Hi, I understand you well and this exactly is the situation.
"иa" "йa" "иb" "йb" "иc"
I have to admit that this is not PostgreSQL problem.
In fact my previous compares are based on ASCII comparison - based on the order of the chars. Now I test with ANSI comparison realized with MS Windows system functions and the result the same as in PostgreSQL.
But this is not appropriate. In fact if Cyrillic alphabet these are different letters and in Bulgarian language no one does expect this behavior. It's almost like to decide that Latin letters "i" and "y" should have such behavior. Just the problem is elsewhere... And I have no decision.

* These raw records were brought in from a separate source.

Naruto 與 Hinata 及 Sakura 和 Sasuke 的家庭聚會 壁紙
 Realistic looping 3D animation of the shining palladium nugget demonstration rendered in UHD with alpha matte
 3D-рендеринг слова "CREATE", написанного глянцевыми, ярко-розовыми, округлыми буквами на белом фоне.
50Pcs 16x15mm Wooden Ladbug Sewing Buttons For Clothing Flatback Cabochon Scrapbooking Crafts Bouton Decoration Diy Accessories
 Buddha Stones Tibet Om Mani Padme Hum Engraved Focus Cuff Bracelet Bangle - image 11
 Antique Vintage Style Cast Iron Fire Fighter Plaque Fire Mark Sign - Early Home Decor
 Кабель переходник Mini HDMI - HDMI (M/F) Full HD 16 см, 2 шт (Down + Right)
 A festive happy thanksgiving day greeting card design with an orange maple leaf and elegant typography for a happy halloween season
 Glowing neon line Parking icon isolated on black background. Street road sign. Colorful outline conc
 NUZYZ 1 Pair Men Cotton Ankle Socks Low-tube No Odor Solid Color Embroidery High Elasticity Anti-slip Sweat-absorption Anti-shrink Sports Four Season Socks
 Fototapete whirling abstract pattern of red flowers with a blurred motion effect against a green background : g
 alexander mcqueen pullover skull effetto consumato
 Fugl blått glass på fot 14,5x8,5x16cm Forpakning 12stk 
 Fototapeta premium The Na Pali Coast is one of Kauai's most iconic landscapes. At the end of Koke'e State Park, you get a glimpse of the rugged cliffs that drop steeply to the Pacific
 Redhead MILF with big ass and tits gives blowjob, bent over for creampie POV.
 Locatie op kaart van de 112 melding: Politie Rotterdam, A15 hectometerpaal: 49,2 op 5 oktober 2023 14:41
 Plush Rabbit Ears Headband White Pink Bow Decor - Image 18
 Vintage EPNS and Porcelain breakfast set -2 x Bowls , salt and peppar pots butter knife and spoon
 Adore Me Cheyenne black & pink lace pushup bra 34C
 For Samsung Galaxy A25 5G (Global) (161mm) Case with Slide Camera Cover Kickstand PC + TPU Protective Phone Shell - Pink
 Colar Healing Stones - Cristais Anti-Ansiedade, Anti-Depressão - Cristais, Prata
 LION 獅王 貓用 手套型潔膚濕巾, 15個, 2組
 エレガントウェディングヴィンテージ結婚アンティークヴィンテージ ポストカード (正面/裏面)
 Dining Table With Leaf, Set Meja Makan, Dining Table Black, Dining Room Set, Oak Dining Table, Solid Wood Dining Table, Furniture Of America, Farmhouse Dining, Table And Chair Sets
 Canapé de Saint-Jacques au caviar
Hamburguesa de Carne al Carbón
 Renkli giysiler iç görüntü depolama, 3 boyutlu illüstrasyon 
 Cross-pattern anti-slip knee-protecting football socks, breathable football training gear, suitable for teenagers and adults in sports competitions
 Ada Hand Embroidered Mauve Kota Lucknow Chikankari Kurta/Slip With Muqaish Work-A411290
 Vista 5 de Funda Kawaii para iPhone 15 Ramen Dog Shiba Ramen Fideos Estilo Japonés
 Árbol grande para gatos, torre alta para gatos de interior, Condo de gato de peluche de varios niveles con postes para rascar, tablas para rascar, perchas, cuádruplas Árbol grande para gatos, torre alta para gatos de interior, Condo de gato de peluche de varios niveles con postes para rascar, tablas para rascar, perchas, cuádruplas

what locales do you use? It should to work everywhere. For Czech language we should to use Czech locale
On Thu, Nov 2, 2017 at 10:57 AM, <k.daskalov.911@gmail.com> wrote: > Here is a small example: > "АЙГЕР" > "АИКО" > "АЙКОН"
Are you sure it's sorting badly? In some collations some letters sort equally, you should try:
"АИКО" "АЙКОН" and "АИКОH" "АЙКО"
as "И" may be sorting in the same place as "Й" and it is deciding by the tails.
It happens in spanish with the tildes ( a and à sort in the same place, so unless they are the only difference order depends on aht is around: test=> select * from ( values ('a'),('à'),('ay'),('àx'),('za'),('zà') ) x order by 1; column1 --------- a à àx ay za zà (6 rows) )
Doing something like this with your alphabet may shed some light on the issue.
(note, this was done with locale en_US.utf-8 ) Francisco Olarte.